▸ What you will do: Down to the last line, transcribe the records verbatim and exclude the images.

▸ Records from a dataset:
====
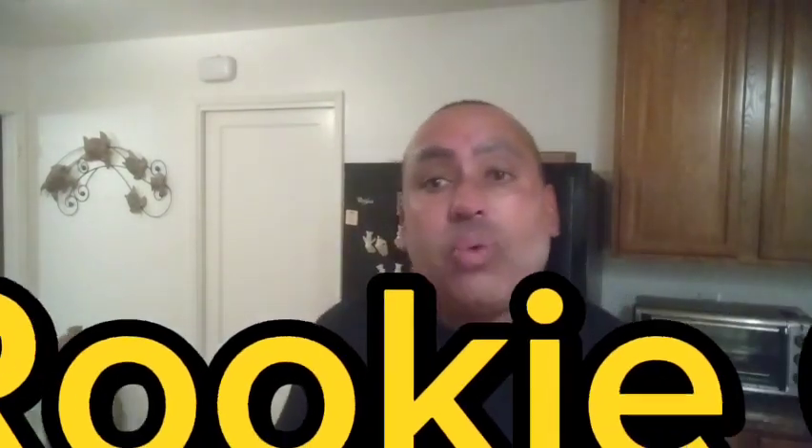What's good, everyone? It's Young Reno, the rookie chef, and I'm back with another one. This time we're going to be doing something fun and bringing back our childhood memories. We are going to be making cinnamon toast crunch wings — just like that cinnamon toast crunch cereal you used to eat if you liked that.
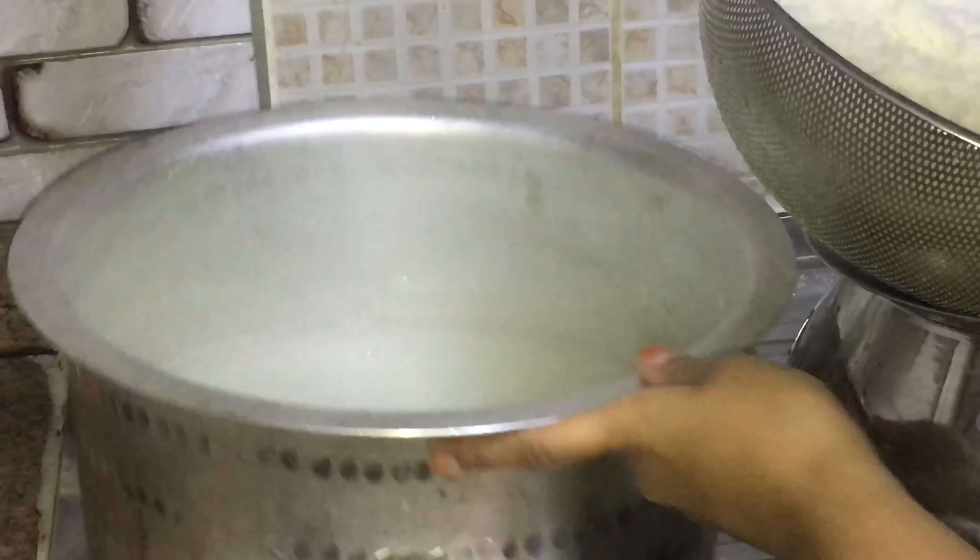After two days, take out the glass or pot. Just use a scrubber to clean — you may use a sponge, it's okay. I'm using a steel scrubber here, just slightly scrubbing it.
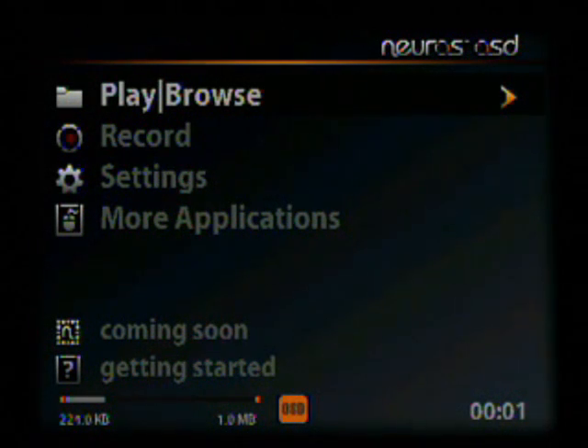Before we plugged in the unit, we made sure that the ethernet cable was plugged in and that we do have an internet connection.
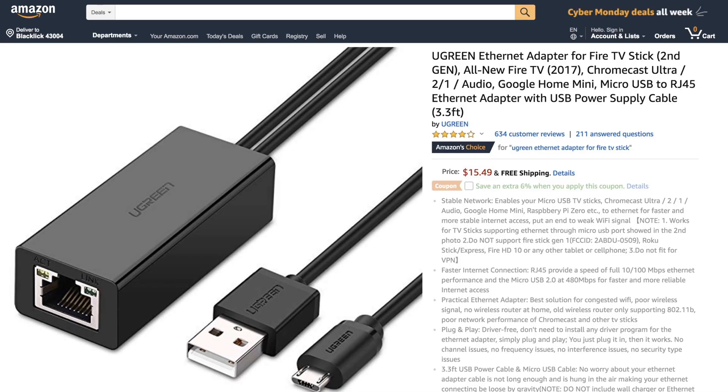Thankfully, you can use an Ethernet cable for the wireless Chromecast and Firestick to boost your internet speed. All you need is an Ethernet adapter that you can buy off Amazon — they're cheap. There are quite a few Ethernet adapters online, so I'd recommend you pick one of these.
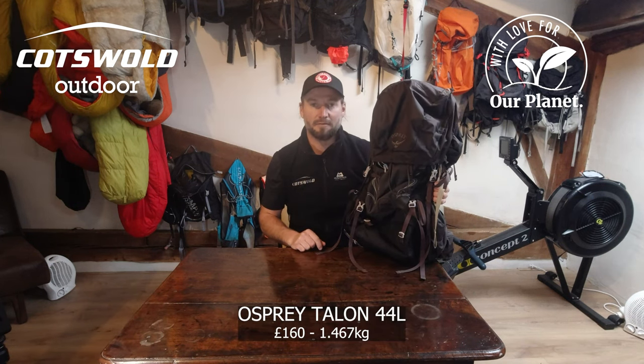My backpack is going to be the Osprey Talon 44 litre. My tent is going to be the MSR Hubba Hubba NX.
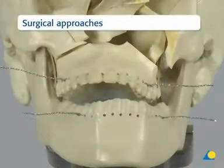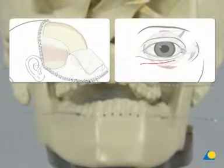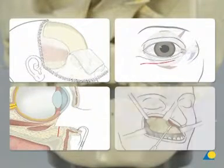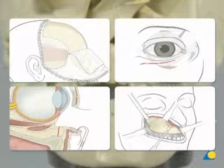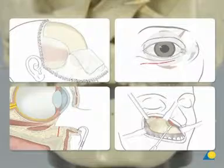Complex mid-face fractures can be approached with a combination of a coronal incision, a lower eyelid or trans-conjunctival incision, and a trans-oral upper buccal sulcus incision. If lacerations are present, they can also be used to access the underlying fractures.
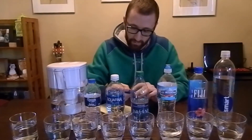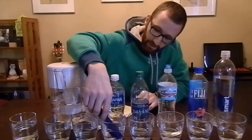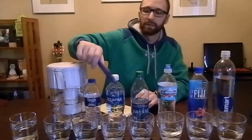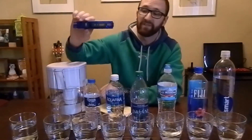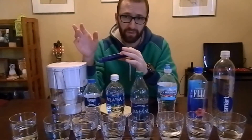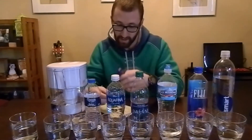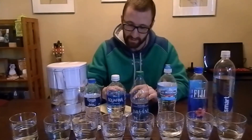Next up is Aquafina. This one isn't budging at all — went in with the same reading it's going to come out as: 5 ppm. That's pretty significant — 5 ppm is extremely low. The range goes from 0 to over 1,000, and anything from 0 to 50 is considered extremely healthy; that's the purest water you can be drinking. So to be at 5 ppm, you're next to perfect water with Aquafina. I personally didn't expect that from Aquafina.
====
▸ Result for this task:
What's good, everyone? It's Young Reno, the rookie chef, and I'm back with another one. This time we're going to be doing something fun and bringing back our childhood memories. We are going to be making cinnamon toast crunch wings — just like that cinnamon toast crunch cereal you used to eat if you liked that.
After two days, take out the glass or pot. Just use a scrubber to clean — you may use a sponge, it's okay. I'm using a steel scrubber here, just slightly scrubbing it.
Before we plugged in the unit, we made sure that the ethernet cable was plugged in and that we do have an internet connection.
Thankfully, you can use an Ethernet cable for the wireless Chromecast and Firestick to boost your internet speed. All you need is an Ethernet adapter that you can buy off Amazon — they're cheap. There are quite a few Ethernet adapters online, so I'd recommend you pick one of these.
My backpack is going to be the Osprey Talon 44 litre. My tent is going to be the MSR Hubba Hubba NX.
Complex mid-face fractures can be approached with a combination of a coronal incision, a lower eyelid or trans-conjunctival incision, and a trans-oral upper buccal sulcus incision. If lacerations are present, they can also be used to access the underlying fractures.
Next up is Aquafina. This one isn't budging at all — went in with the same reading it's going to come out as: 5 ppm. That's pretty significant — 5 ppm is extremely low. The range goes from 0 to over 1,000, and anything from 0 to 50 is considered extremely healthy; that's the purest water you can be drinking. So to be at 5 ppm, you're next to perfect water with Aquafina. I personally didn't expect that from Aquafina.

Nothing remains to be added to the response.